North American Active Rig Counts Plunge to Record Lows
Rig counts in the United States, an early indicator of future output, fell for the 11th straight week to reach record lows, as E&P companies cut spending in the aftermath of the oil price collapse since the beginning of the year.
The active rig count fell by 21 last week to a record low of 318 on May 22nd, according to data published by oilfield services firm Baker Hughes Co. The previous low count was recorded during 2016 when the WTI crude price dipped to below US$34 per barrel, with 404 rigs operating in the U.S. at the time.
Canadian rig counts also fell to a record low for the second straight week according to the Baker Hughes data. The data showed that, year-on-year, drillers have cut rig deployment by 68% in the U.S. and 73% in Canada.
The decline in the number of operating rigs over the past two months is also in line with Energy Information Administration’s (EIA) projections of a sharp reduction in oil production in the U.S., which touched 11.5 million barrels per day (MMbbls/d) for the week ended May 15th, nearly 1.6 MMbbls/d lower than the all-time recorded earlier this year.

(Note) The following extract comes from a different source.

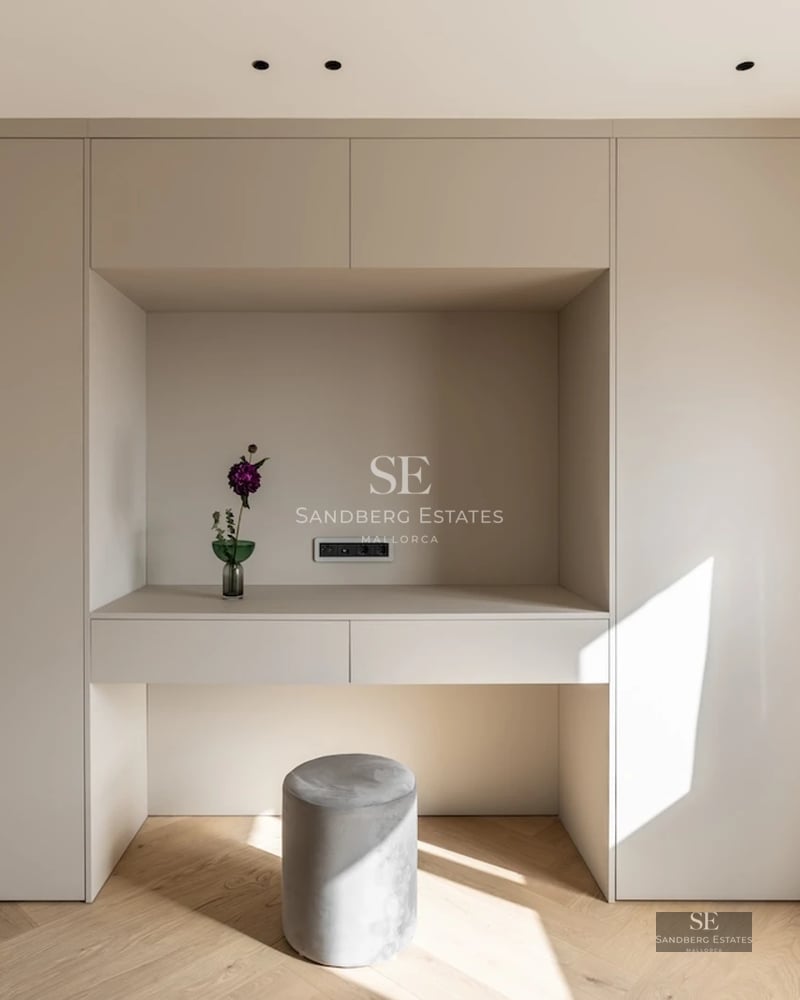 Panoramic view of a luxurious house with an infinity pool, surrounded by greenery and with spacious sun terraces.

Analysts expect drilling companies to continue to reduce active rig counts during the remaining of the year, as lower crude oil prices lead to further cuts in capital spending, especially by shale-focused fracking firms that require US$40+ per barrel prices to sustain their operations. WTI crude oil futures for near-month delivery are currently trading at around US$34.50 per barrel, down approximately 44% since the start of the year. Prices have risen steadily over the past month, recovering from around US$10.30 per barrel a month ago, after briefly trading in negative territory on April 20th.